Re: [PATCH 0/3] enable memcg accounting for kernfs objects

From: Vasily Averin
Date: Tue Aug 16 2022 - 05:29:21 EST


On 8/11/22 06:19, Vasily Averin wrote:
> On 8/9/22 20:56, Tejun Heo wrote:
>> Hello,
>>
>> On Tue, Aug 09, 2022 at 07:49:34PM +0200, Michal Koutný wrote:
>>> On Tue, Aug 09, 2022 at 07:31:31AM -1000, Tejun Heo <tj@xxxxxxxxxx> wrote:
>>>> I'm not quite sure whether following the usual "charge it to the allocating
>>>> task's cgroup" is the best way to go about it. I wonder whether it'd be
>>>> better to attach it to the new cgroup's nearest ancestor with memcg enabled.
>>>
>>> See also
>>> https://lore.kernel.org/r/YnBLge4ZQNbbxufc@blackbook/
>>> and
>>> https://lore.kernel.org/r/20220511163439.GD24172@xxxxxxxxxxxxxxxxx/
>>
>> Ah, thanks. Vasily, can you please include some summary of the discussions
>> and the rationales for the path taken in the commit message?
>
> Dear Tejun,
> thank you for the feedback, I'll do it in next patch set iteration.
>
> However, I noticed another problem in neighborhood and I planned to
> add new patches into current patch set. One of the new patches is quite simple,
> however second one is quite complex and requires some discussion.

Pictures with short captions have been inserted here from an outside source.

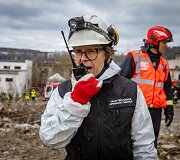 Vilniuje, buvusios įmonės &bdquo;Audėjas&ldquo; teritorijoje, vyko kontrolinės taktinės ugniagesių gelbėtojų pratybos. 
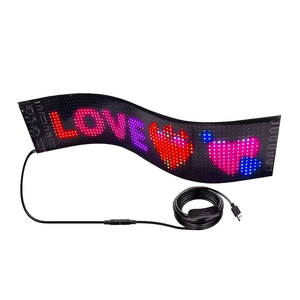 Flexible High Brightness LED <strong>Display</strong> Screen App-<strong>Control</strong> <strong>Moving</strong> <strong>Text</strong> Message Sign Board for Indoor Outdoor Use SDK Function-OEM - Product Image 2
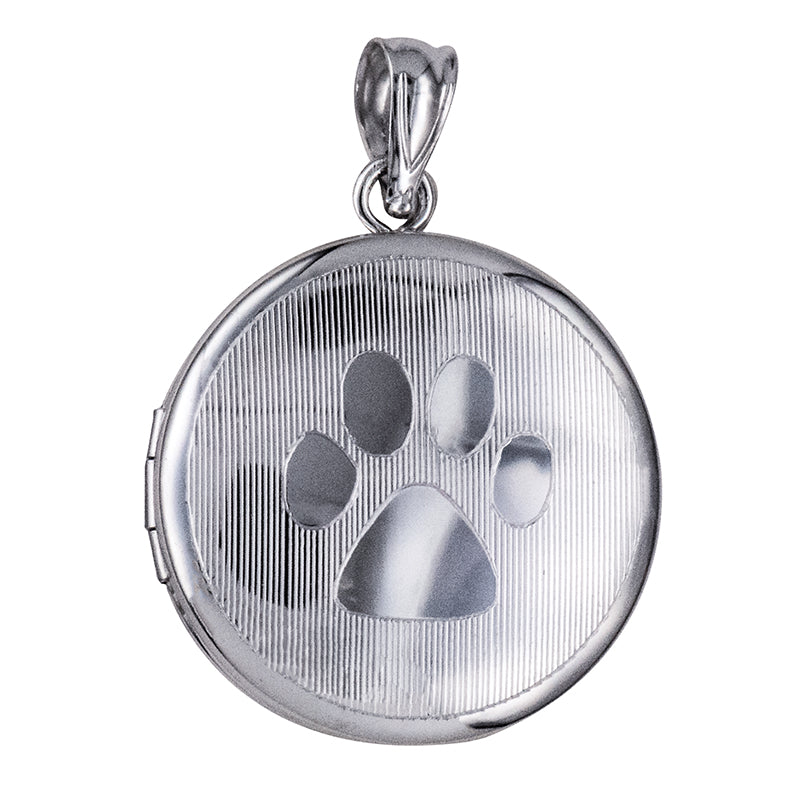 20mm ‘Paw Print’ Memorial Round Locket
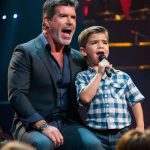 It was an unforgettable!! Simon Cowell and Son sing an Adorably Angelic Version of “Don’t Stop Believin”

Summing up a private discussion with Tejun, Michal and Roman:
I'm going to create few new patches:

1) adjust active memcg for objects allocated during creation of new cgroup
This patch will take memcg from parent cgroup an use it for accounting
all objects allocated during creation of new cgroup.
For that it moves set_active_memcg() calls from mem_cgroup_css_alloc()
to cgroup_mkdir() and creates missing infrastructure.
This allows you to predict which memcg should be used for object accounting,
and should simplify debugging of possible problems and corner cases.

2) memcg: enable kernfs accounting: nodes and iattr
Already discussed and approved patches.
These objects consumes significant part of memory in various scenarios,
including new cgroup creation and new net device creation.

3) adjust active memcg for simple_xattr accounting
sysfs and tmpfs are in-memory file system,
for extended attributes they uses simple_xattr infrastructure.
The patch forces sys_set[f]xattr calls to account xattr object
to predictable memcg: for kernfs memcg will be taken from kernfs node,
for shmem -- from shmem_info.
Like 1) case, this allows to understand which memcg should be used
for object accounting and simplify debugging of possible troubles.

4) memcg: enable accounting for simple_xattr: names and values
This patch enables accounting for objects described in previous patch

5) simple_xattrs: replace list to rb-tree
This significantly reduces the search time for existing entries.

Additionally Roman Gushchin prepares patch
"`put`ting the kernfs_node reference earlier in the cgroup removal process"

Thank you,
Vasily Averin